Al margen de los resultados económicos de Singapur y de su régimen político, el fondo del asunto es que un planteamiento así llama la atención, pues formamos parte de esa sociedad cansada de los malos resultados de sus gobiernos democráticos, incapaces de satisfacer las demandas sociales mínimas. Más de la mitad de la población sufre en la pobreza, los salarios mínimos son de risa, y la impunidad y la corrupción son tema de todos los días.

Más del 90% de los ciudadanos no denuncia los delitos por carecer de confianza en las autoridades o porque sospecha que son parte de la delincuencia; el gobierno a pesar de que gasta miles de millones en esta materia, parece que pierde la batalla en contra de los delincuentes todos los días.

Es cierto, hay un hartazgo de los políticos y los partidos, porque se supone deberían ser los conductores de la marcha de una poderosa nación de más de 120 millones de personas y, por el contrario, en muchos casos, son la antítesis de la política, ejemplo de confrontación, de corrupción y deshonra, que sólo abona a engordar el desencanto social.

En resumen, son más las demandas sociales; más las inconformidades; más la pobreza, más la corrupción y la inseguridad, que los buenos resultados.

Estas circunstancias ponen en riesgo nuestra viabilidad como nación en los términos de nuestra Constitución, y creo que cualquier solución que se aleje de estos principios por los que hemos luchado durante más de 200 años no podemos aceptarla.

Podemos recobrar la confianza en nuestras instituciones, podemos transformar nuestra realidad social y podemos acabar con las lacras que obstruyen el progreso con las armas de la ley, la justicia, la cultura y la educación

Pero a todos debe quedar claro que no es una tarea individual, debe ser una tarea nacional, colectiva. Debemos involucrarnos en la política, porque es una obligación, a partir de la emisión del voto. Son legiones de mexicanos los que, a sabiendas de tener una obligación el día de los comicios, prefieren encoger los hombros para que unos pocos decidan. La tarea no es fácil pero, para cambiar la política, tenemos que sacudirnos nuestras omisiones. Es fácil decir la culpa la tiene aquél o los otros, ¿pero qué hago para cambiarlo?

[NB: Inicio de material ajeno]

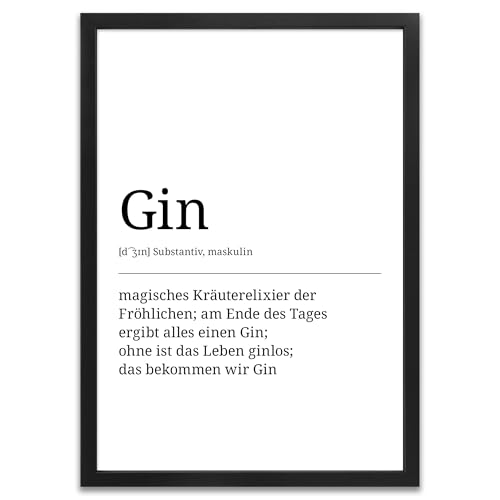 ARTFAVES® Poster Definition Gin | Worterklärung Duden Lexikon Wanddeko Wandbild Spruch als Geschenk | mit Rahmen Holz Schwarz | 21 x 30 cm von ARTFAVES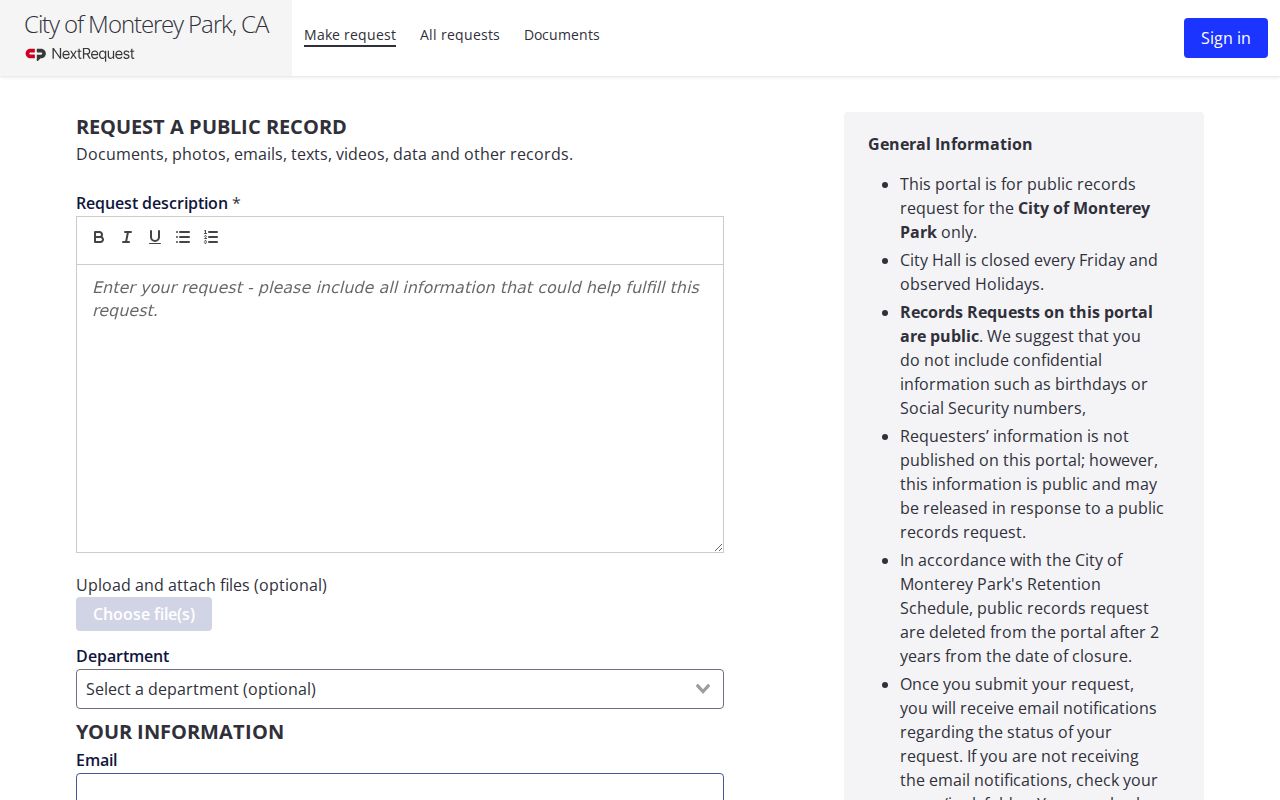 Monterey Park public records submission form in NextRequest
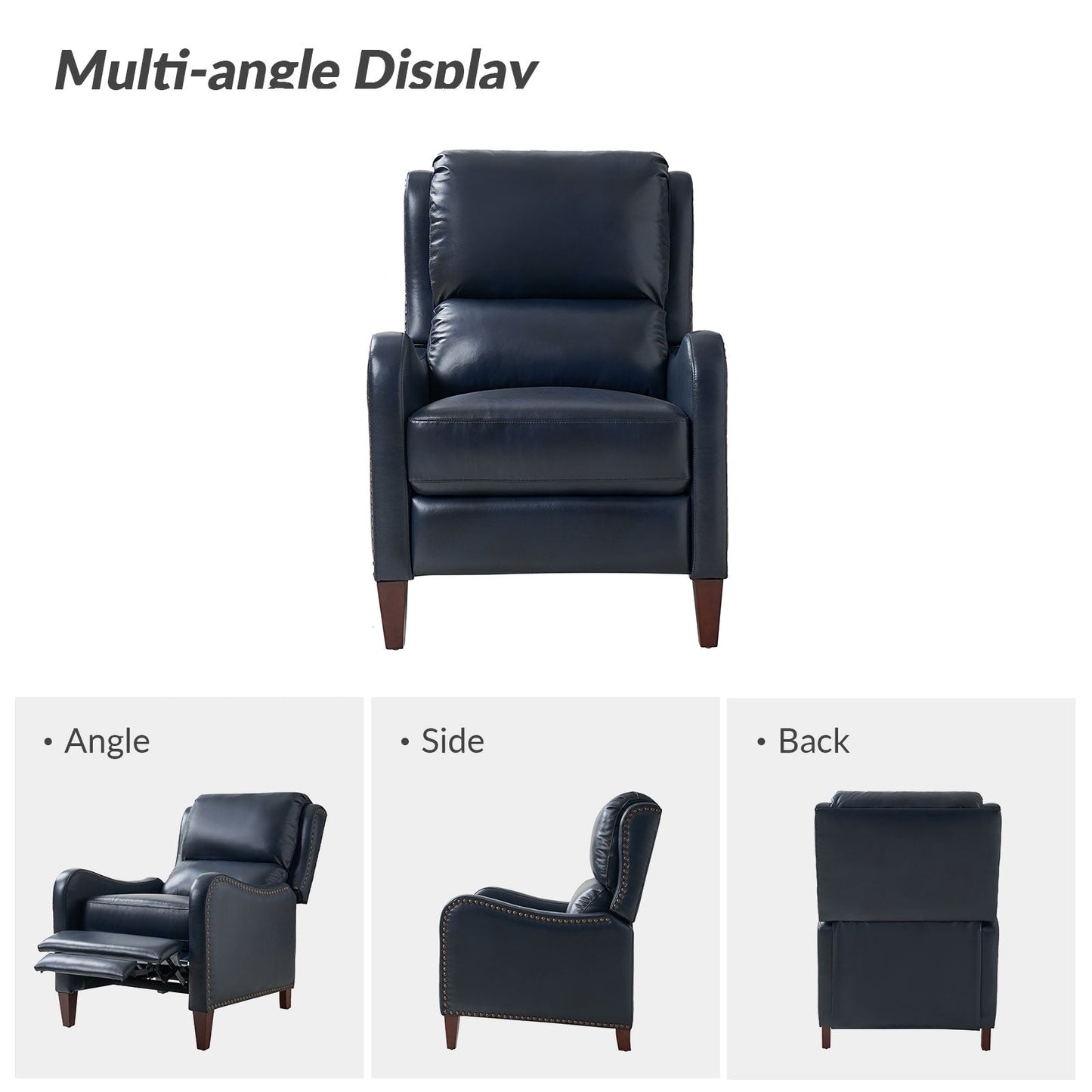 Poltrona reclinabile Brigida Modern in vera pelle con finiture in borchie e poggiapiedi regolabile, set da 2 di HULALA HOME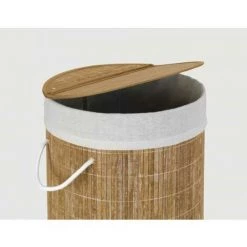 WENKO Panier à Linge Bamboo, Corbeille à Linge Avec Sac à Linge Sale Amovible, Capacité 55L, Bambou, Ø 35x60 Cm, Marron -WENKO Soldes 6580651 3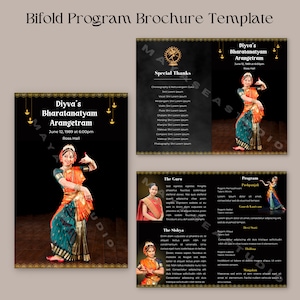Arangetram Program Brochure,Bharatanatyam Program,Indian Classical Dance Recital Program,Bharatanatyam Brochure,Arangetram Tempalte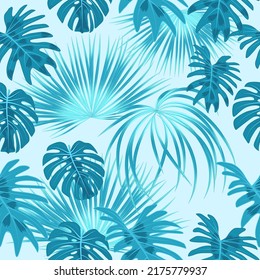 Patrón azul sin costuras con monstera y hojas tropicales de palmera. Fondo vectorial de la jungla para tela, papel pintado, textil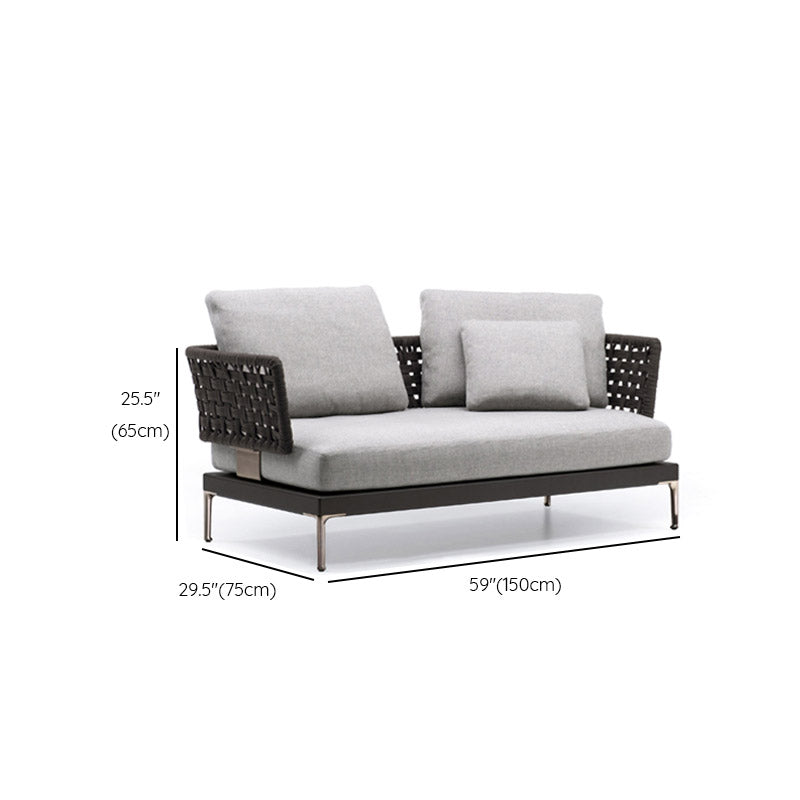 Modern Outdoor Patio Sofa Wicker 1 Piece Mildew Resistant Patio Sofa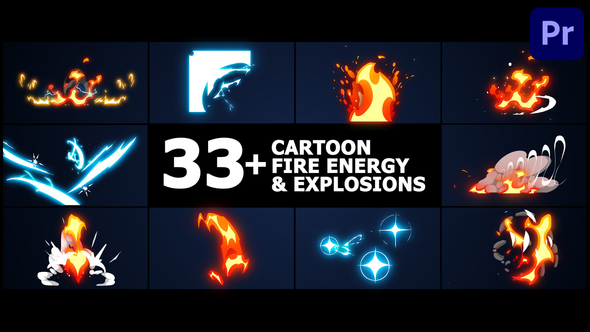 Cartoon Fire Energy And Explosions | Premiere Pro MOGRT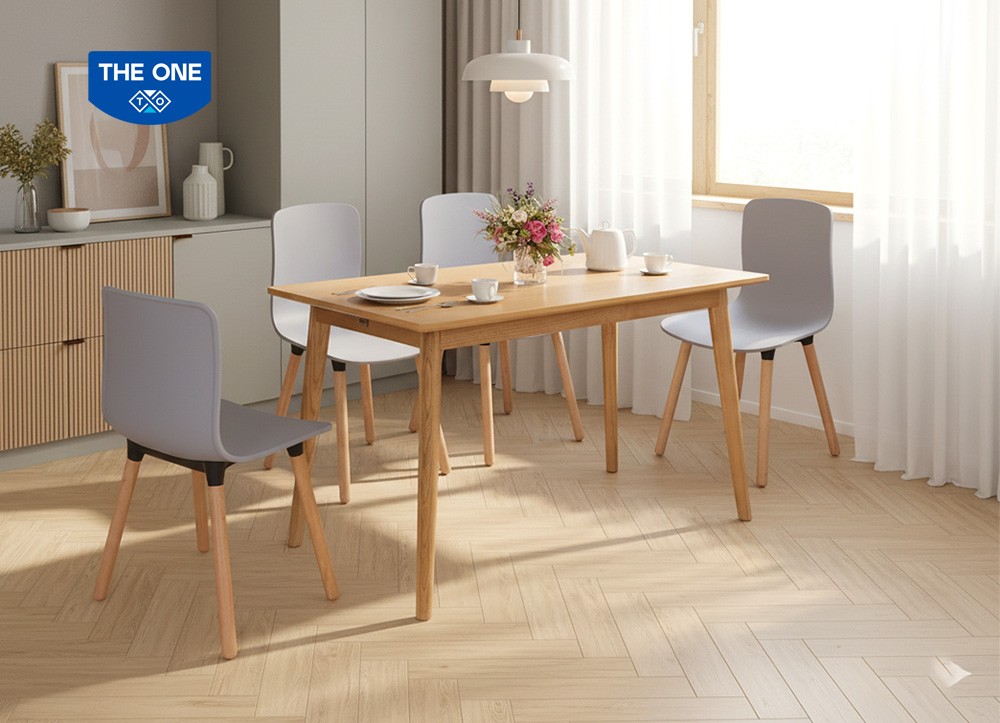 BÀN GHẾ ĂN GỖ SƠN HIGH GLOSSY THE ONE 
HGB73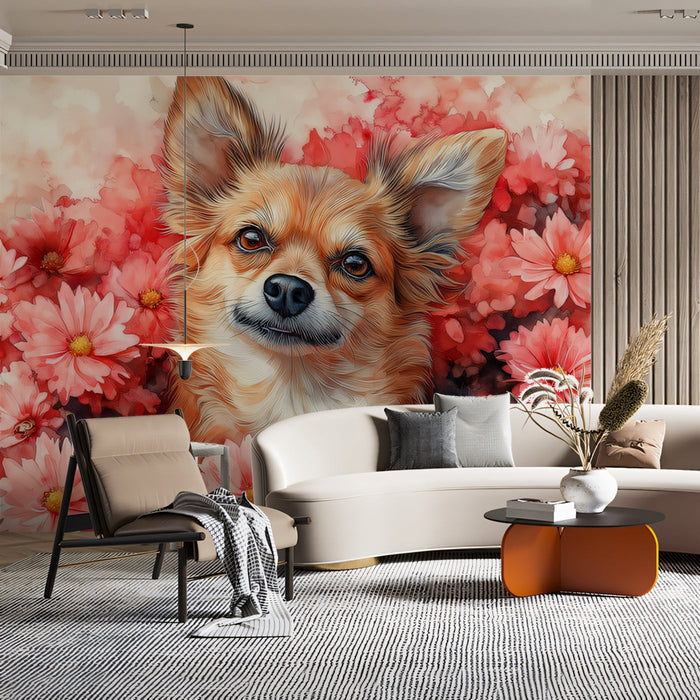 Chihuahua Mural Wallpaper | Pink Floral with Playful Vibe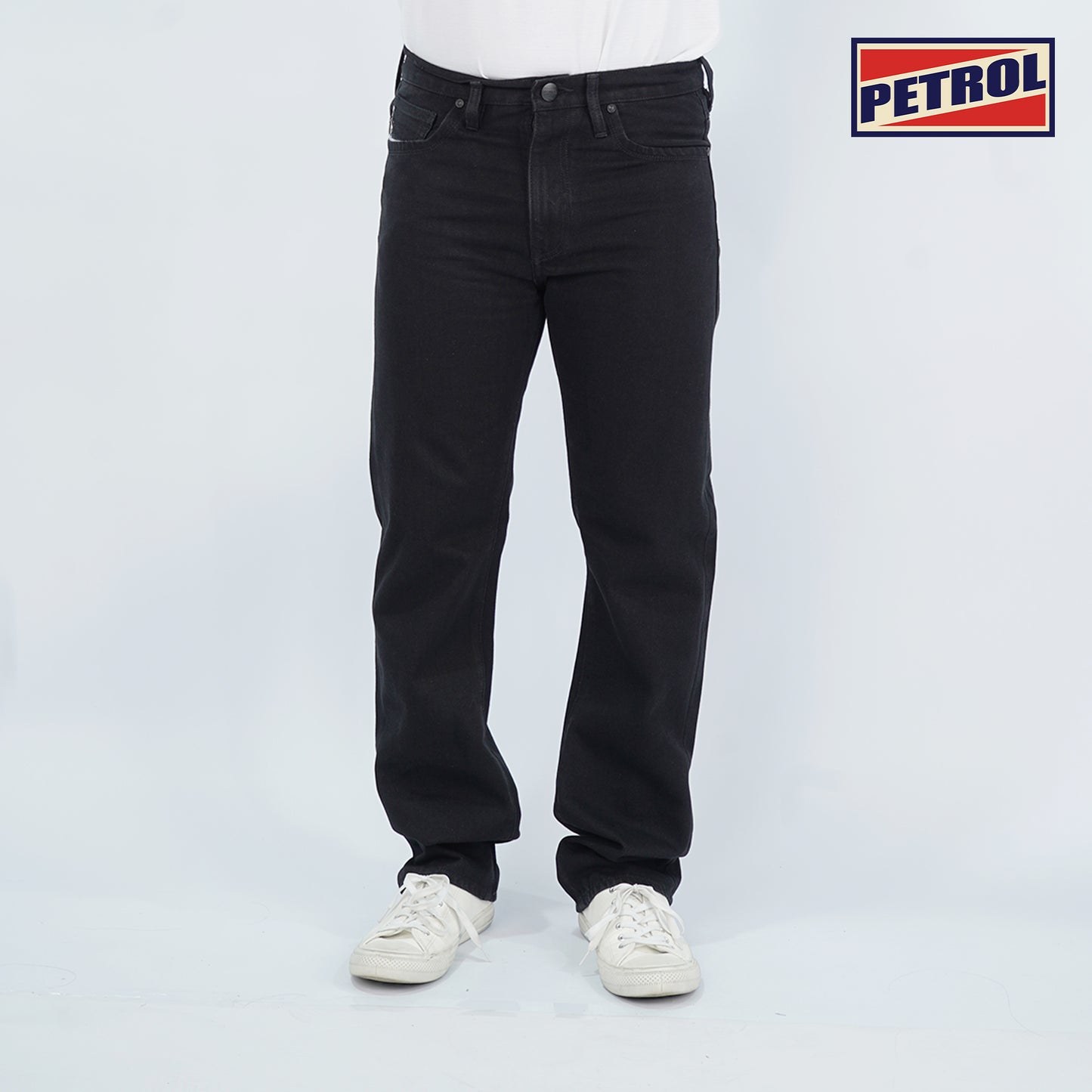 Petrol Men's Basic Denim Pants Mid-Rise Slim Straight Fitting 180135 (Black)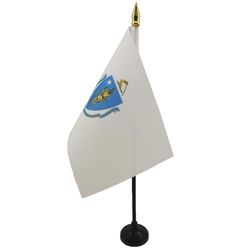 Massachusetts Tafelvlag 15x10 cm - Amerikaanse staat van Massachusetts Bureaubladvlag 15 x 10 cm - gouden speerblad - AZ FLAG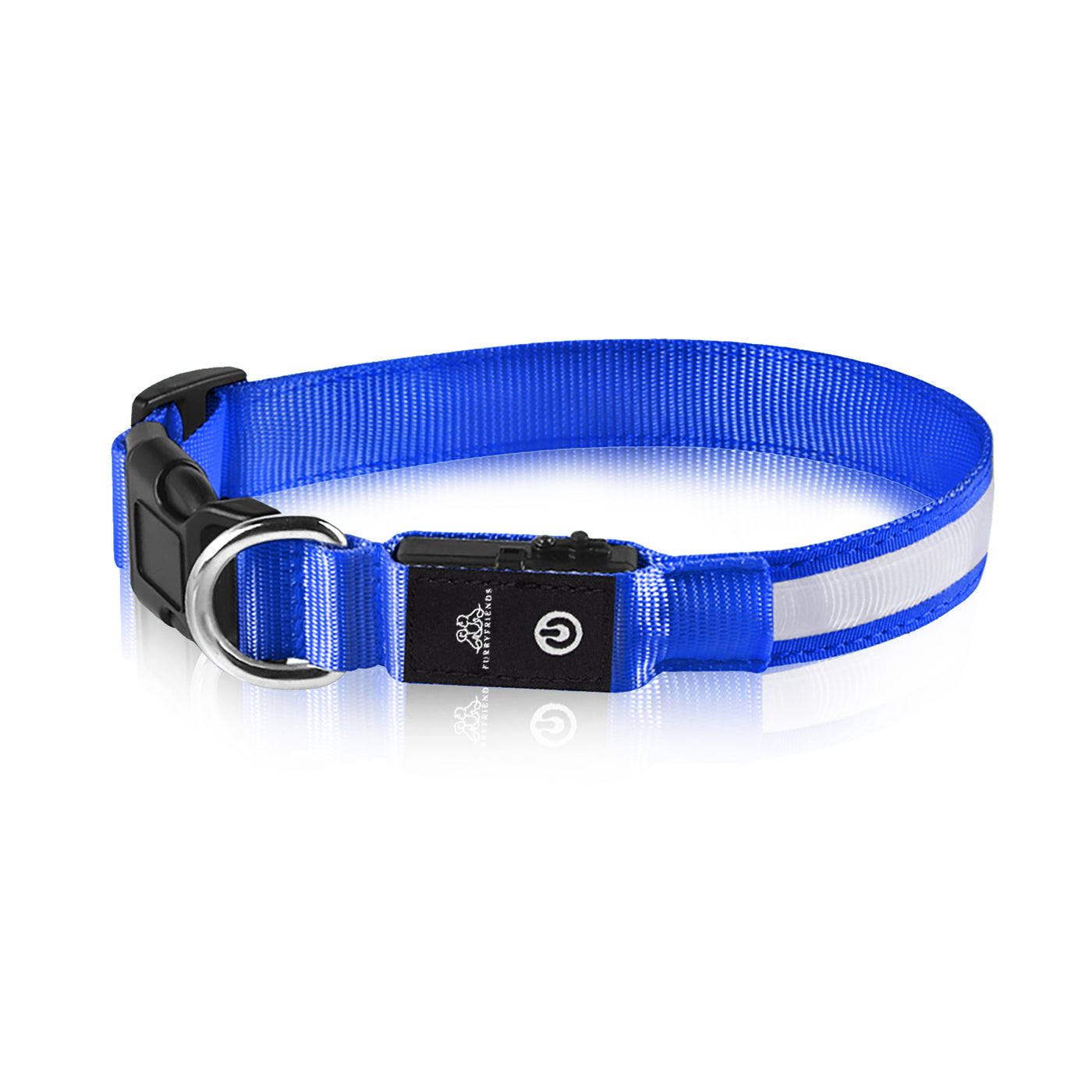 Hundeshalsbånd med LED lys i farven blå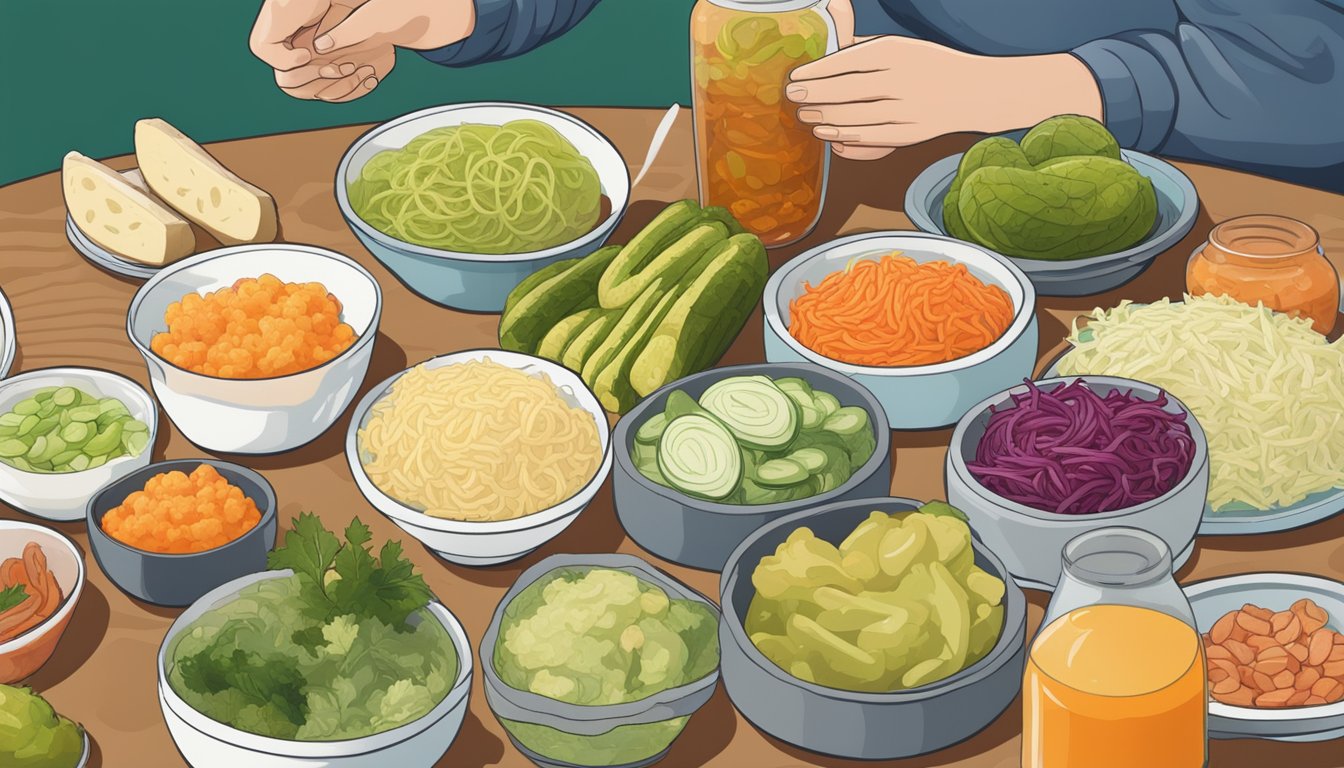 A table filled with various malolacto fermented foods, such as sauerkraut, kimchi, and pickles, with a person with diabetes enjoying a meal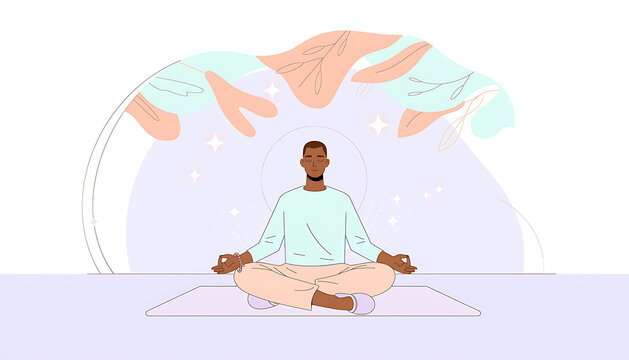 Flat vector illustration of a man meditating in lotus pose on a yoga mat in a peaceful environment with abstract leaves, representing mindfulness, mental health, and relaxation.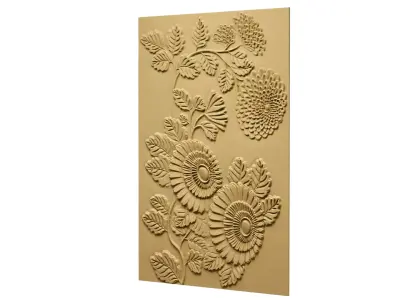 modern panel wall decor set relief stl mural CNC 293 3D model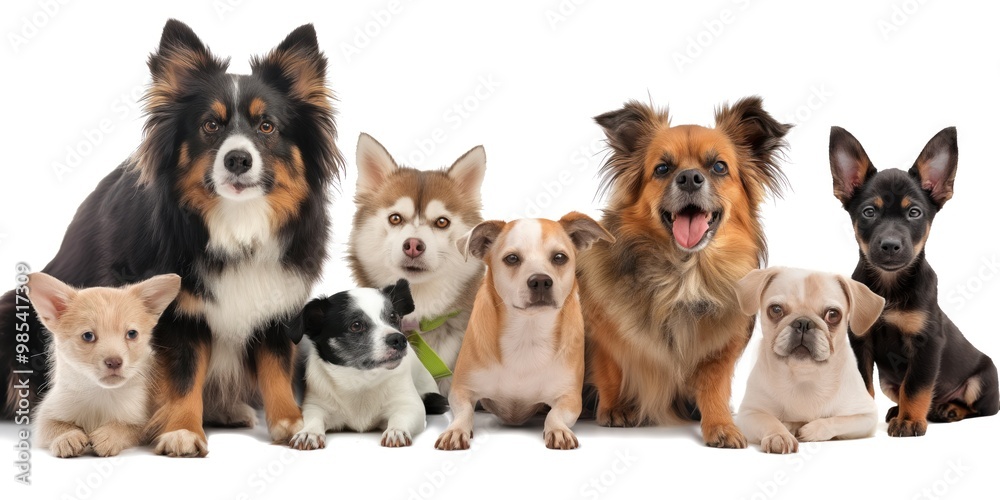 Obraz premium Group of adorable cute pets on white background. Various domestic animals including dogs, cats, hamsters, birds. Different breeds like bulldog, chihuahua, parrot, terrier. Happy, healthy pets.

No podemos seguir jugando a ser el Pilato de los tiempos modernos, lavarnos las manos, quejarnos y no aportar para el cambio, porque la política es una de las formas de más alto servicio, pues busca el bien común, a ella estamos convocados todos desde la trinchera que mejor nos guste, la ciudadana, sin partido, con partido, pero todos debemos hacer un gran esfuerzo para construir un programa común del cual nadie tenga derecho a apartarse un ápice: No más corrupción en México, ni en políticos, ni empresarios, ni en ciudadanos dando “mordida”; cero tolerancia con la ilegalidad y la injusticia; crecimiento con justicia y menos desigualdad. Como lo soñó el Siervo de la Nación en el inicio de la independencia. “Que las leyes sean tales que obliguen a constancia y patriotismo, moderen la opulencia y la indigencia, que aumente el jornal del pobre, que mejore sus costumbres, alejando la ignorancia, la rapiña y el hurto”.